▶ **YOUR GOAL**:
What are the lines below, starting at the line containing "2022 Kia Telluride EX AWD photo" and ending at the line containing "Proline 1/8 Hole"? Write them out exactly, ends included, without pictures.

▶ **EXTRACTED MATERIAL**:
_ _ _ _ _
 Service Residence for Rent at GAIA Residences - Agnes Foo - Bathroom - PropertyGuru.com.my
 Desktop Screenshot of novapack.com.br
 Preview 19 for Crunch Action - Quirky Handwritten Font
_ _ _ _ _
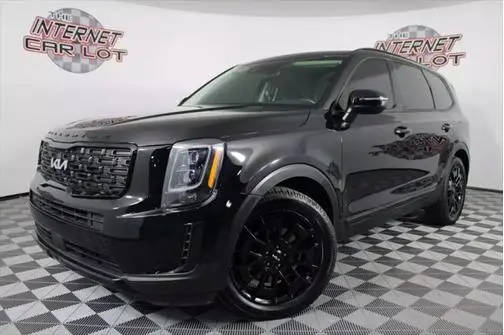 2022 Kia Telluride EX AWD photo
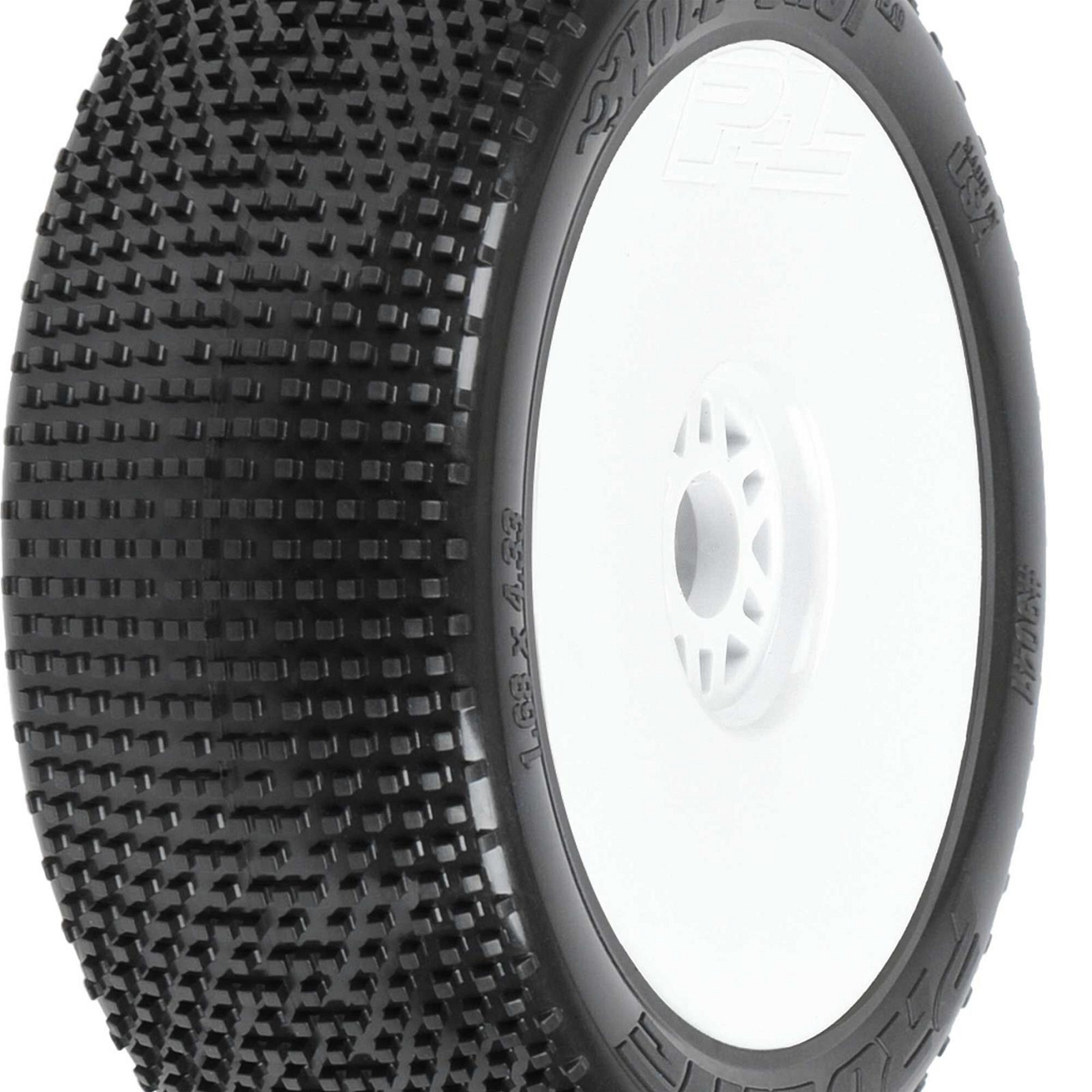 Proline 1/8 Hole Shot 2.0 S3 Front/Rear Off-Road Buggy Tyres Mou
_ _ _ _ _
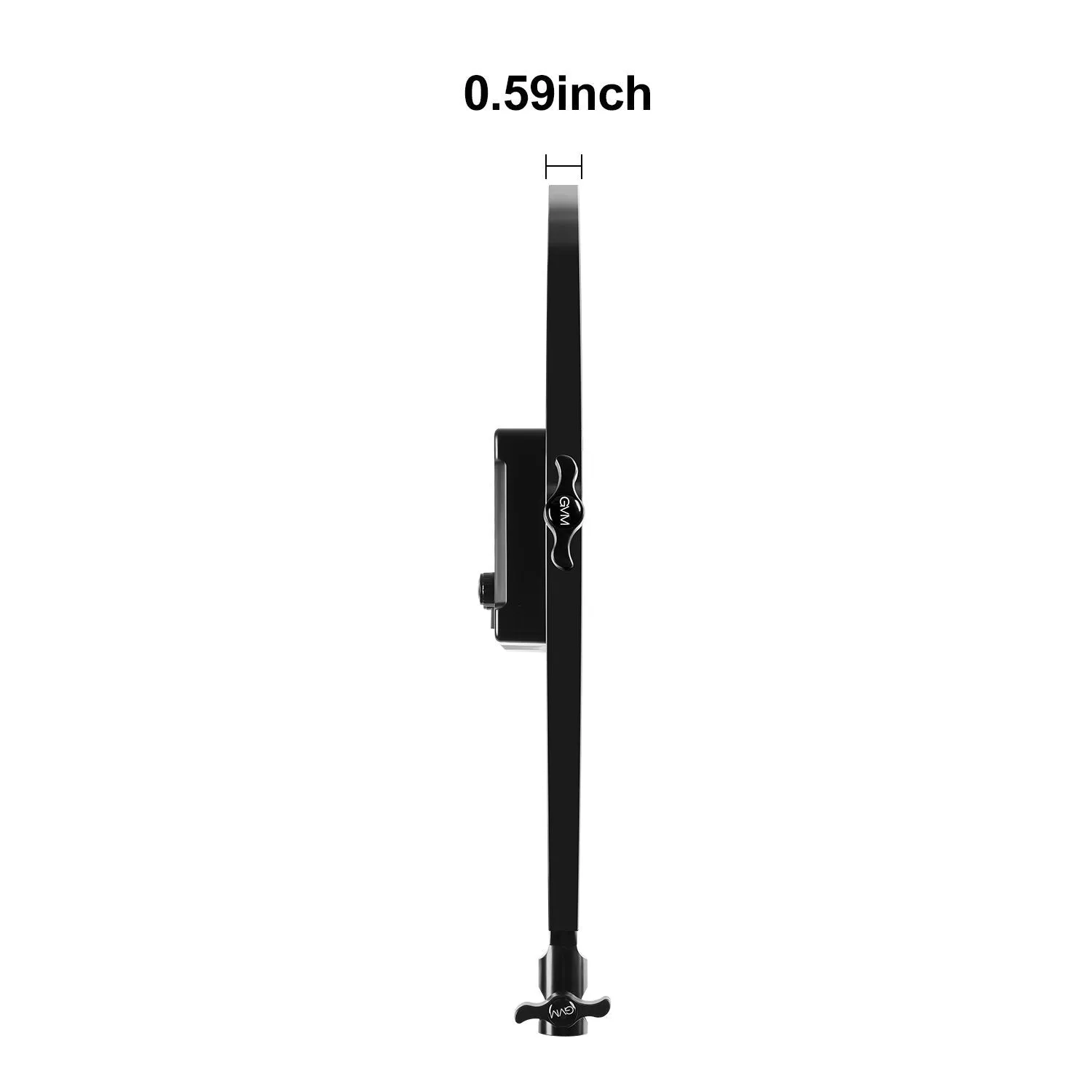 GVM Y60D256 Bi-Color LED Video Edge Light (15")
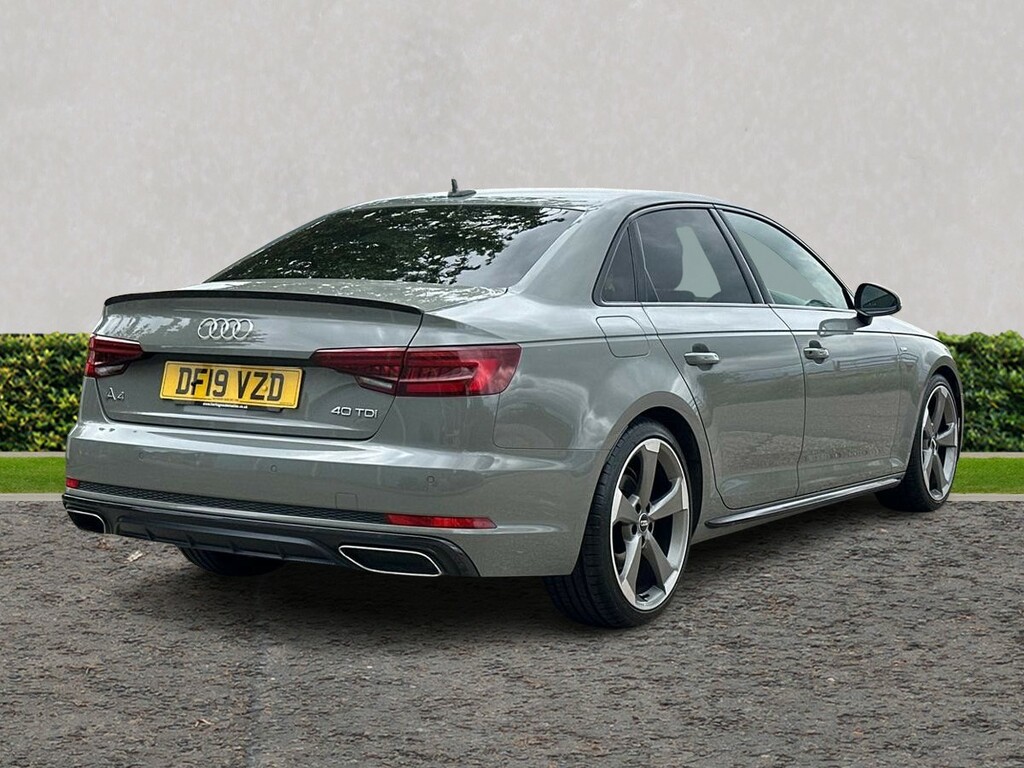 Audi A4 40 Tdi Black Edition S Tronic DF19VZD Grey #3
_ _ _ _ _
▶ **RESPONSE FOR THIS EXERCISE**:
 2022 Kia Telluride EX AWD photo
 Proline 1/8 Hole Shot 2.0 S3 Front/Rear Off-Road Buggy Tyres Mou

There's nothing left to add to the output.